After analysing the whole dataset for each experiment individually, it was found a consistent issue occurred at the beginning of some reactions. This problem likely stemmed from the heterogeneity of the reaction mixture at the onset of the reaction. Based on the observation, the empty flow cell equipped on the ATR accessory required more time to establish a stable flow of homogeneous reaction mixture, leading to a delay in obtaining accurate spectra. In this case, measurements commenced only one minute after initiating the pumping of the reaction mixture through the cell. This hypothesis was further supported by evaluating spectra comparisons from a single experiment, as depicted in Figure S1 (Supplementary Materials), which clearly shows the spectral instability at reaction initiation and the effect of water vapour on certain spectral regions. Additionally, it was observed that the spectra could be affected by air/vapour (gas bubbles in the reaction mixture) during the flow-through process, particularly evident in the range of approximately 1200–2200 cm⁻¹. The described noise slightly increased during the entire reaction; however, in a few reactions, noise was not observed at all. While not explicitly addressed in this work, this observation can serve as a recommendation for further improvements. Following these comprehensive analyses, selected spectra at the beginning of the reaction (obtained before 5 min), which differed from the rest in the set where the cell’s flow-through was not stabilised, were omitted.

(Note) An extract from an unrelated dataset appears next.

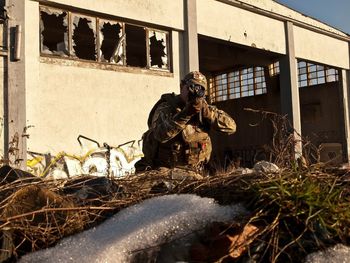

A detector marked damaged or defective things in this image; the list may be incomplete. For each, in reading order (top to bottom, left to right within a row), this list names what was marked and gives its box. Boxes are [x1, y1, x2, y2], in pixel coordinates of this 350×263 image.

Following the discussed removal of outliers—identified by visual inspection as spectra affected by flow instability—approximately 5% of the dataset was excluded. This adjustment resulted in a notable enhancement in correlation, particularly in the spectral regions around 1137, 1206, and 1753 cm⁻¹, as depicted in Figure 3.

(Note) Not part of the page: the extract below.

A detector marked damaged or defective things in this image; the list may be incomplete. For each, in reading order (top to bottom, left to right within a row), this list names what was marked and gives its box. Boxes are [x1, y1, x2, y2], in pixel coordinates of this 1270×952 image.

During the method development, the literature review, and investigation of the gained spectra, it was found that the main peak (1670–1770 cm⁻¹) in the spectra of the reaction mixture was moving during the reaction (mainly its leading edge around 1750 cm⁻¹). A derivative of the spectra was also used to address this observation. The derivative spectrum enhances peaks and features in the original spectrum, aiding in identifying and analysing individual bands. It helps distinguish closely spaced peaks and resolves overlapping bands not visible in the original spectrum. However, it may amplify noise, so careful management is necessary to prevent compromising data quality [50].

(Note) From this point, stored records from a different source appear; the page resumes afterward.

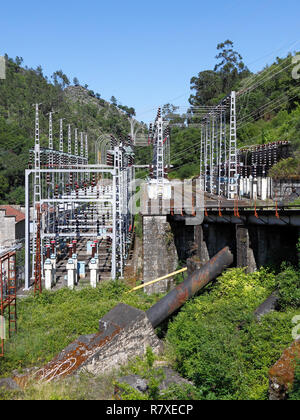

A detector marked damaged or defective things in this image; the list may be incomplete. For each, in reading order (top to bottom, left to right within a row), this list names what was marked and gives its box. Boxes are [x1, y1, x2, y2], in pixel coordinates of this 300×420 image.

rusty metal structure [0, 249, 16, 358]
rusty metal structure [146, 246, 233, 328] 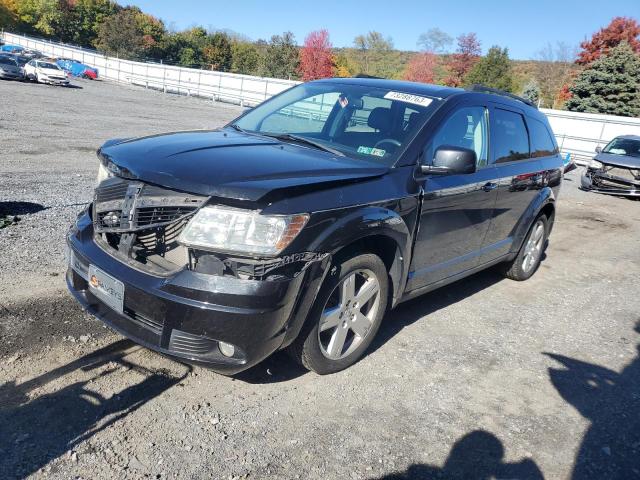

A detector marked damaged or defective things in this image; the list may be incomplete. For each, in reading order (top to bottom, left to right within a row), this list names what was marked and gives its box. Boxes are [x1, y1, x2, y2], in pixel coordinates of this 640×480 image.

damaged front end [66, 176, 330, 376]
damaged vehicle nearby [67, 79, 564, 376]
damaged vehicle nearby [580, 135, 640, 197]
damaged front end [580, 163, 640, 197]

Figure 4 compares the correlation of spectra and spectra derivatives with the FAEE content at different wavenumbers. It is evident that applying the derivative significantly enhanced the correlation in certain regions, particularly around 1750 cm⁻¹ and 1000–1300 cm⁻¹. Additionally, a new region of improved correlation emerges around 3000 cm⁻¹.

Identified regions of significant correlation corroborate existing findings in spectroscopic literature, which frequently underscore specific regions and characteristic peaks associated with ester functional groups. For instance, esters are known to exhibit distinctive peaks in regions such as 1730–1750 cm⁻¹ (related to C=O stretching), 1250–1300 cm⁻¹ (associated with C-O stretching), and 1050–1150 cm⁻¹ (pertaining to C-O-C stretching) [51,52]. This consistency underscores the robustness of the correlation analysis in identifying spectral features that accurately reflect the reaction system’s state.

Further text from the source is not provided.